Even the government's recent draft climate change bill suggests that if aviation were to be bought into the ETS system, the targets would be moved to accommodate the extra emissions. This is hardly a recipe for robustly managing global warming.

You have said that you will “minimise greenhouse gas emissions through the use of energy saving measures in the buildings and services within our control and improvements to aircraft operational procedures.” This is welcome, but it is fiddling while Rome burns. Your increased services will by far outweigh any improvements to buildings that you make.

In your interview with Radio Gloucestershire you implied that because Boeings and Airbuses will not be using the extended facilities that this somehow makes the proposals acceptable.

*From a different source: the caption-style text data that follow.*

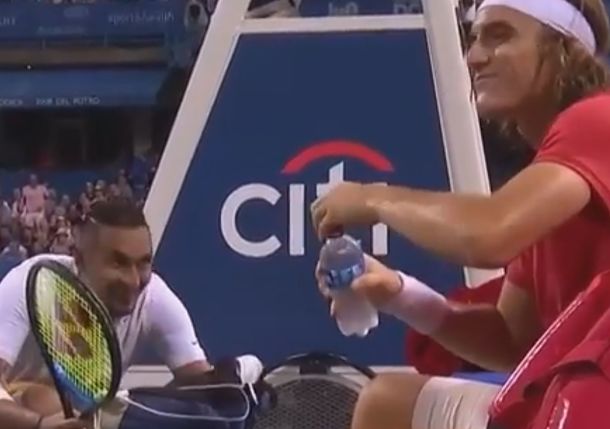 Watch: Shoegate Continues in D.C. and Kyrgios Delivers the Shoes to Tsitsipas in Epic Moment  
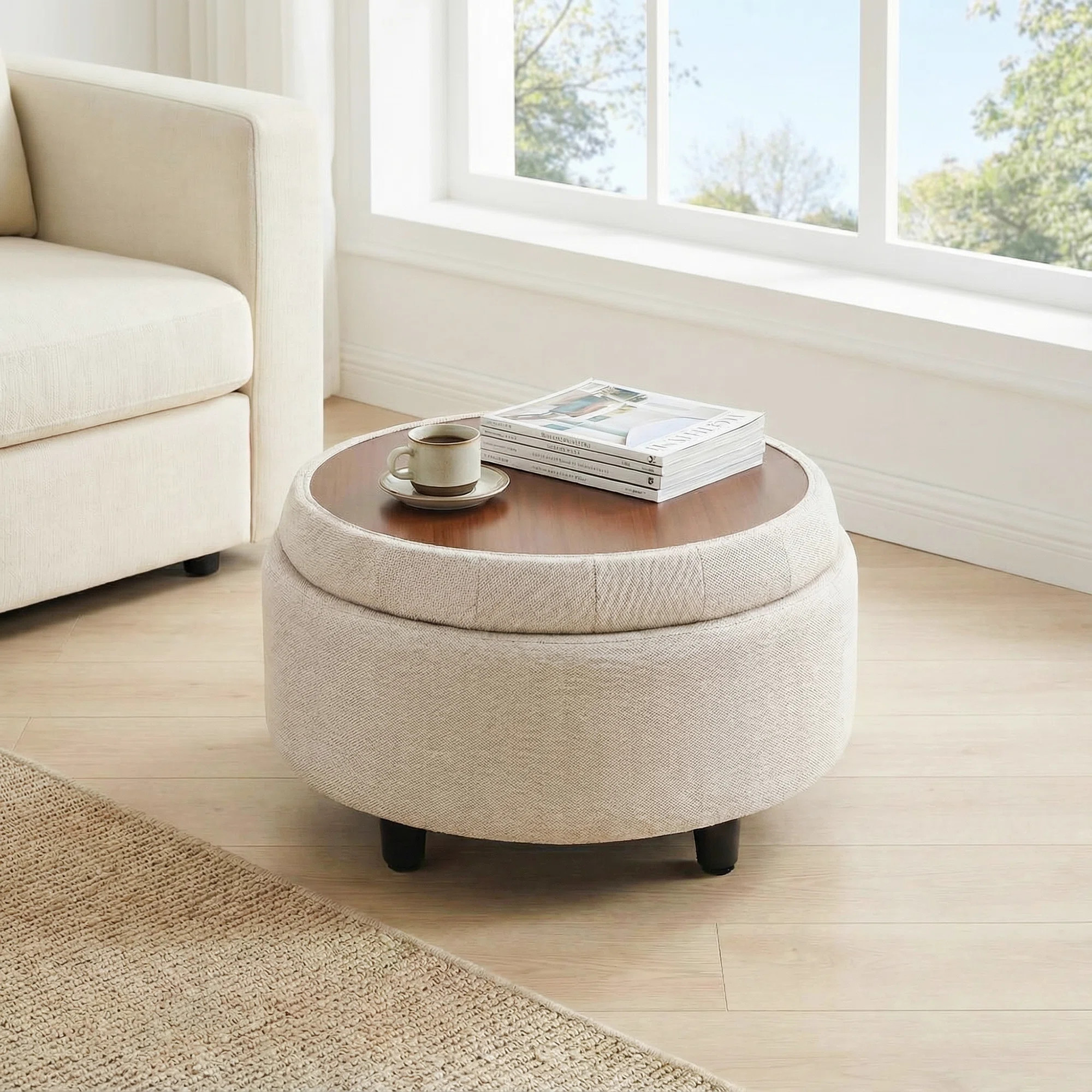25" Round Upholstered Storage Ottoman with Tufted Cushion, Hidden Storage | Wayfair North America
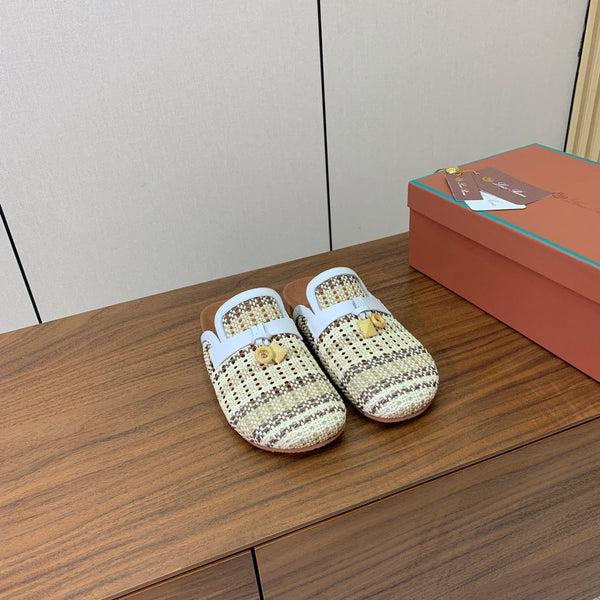 LP Birkenstock slippers white beige brown raffia calfskin 386727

However, with a significantly increased service pattern your emissions will increase significantly, regardless of the badge on the plane, perhaps not as much, but they will increase none the less. The science is clear. We can not countenance any further expansion of aviation, however regrettable.

You have also made misleading claims elsewhere on your web site such as if there were no airport, housing developments on the site would create more CO2 emissions than the airport. However, houses are built to accommodate an expanding population in the area. If they are not built on the site of the airport, they will be simply be built somewhere else.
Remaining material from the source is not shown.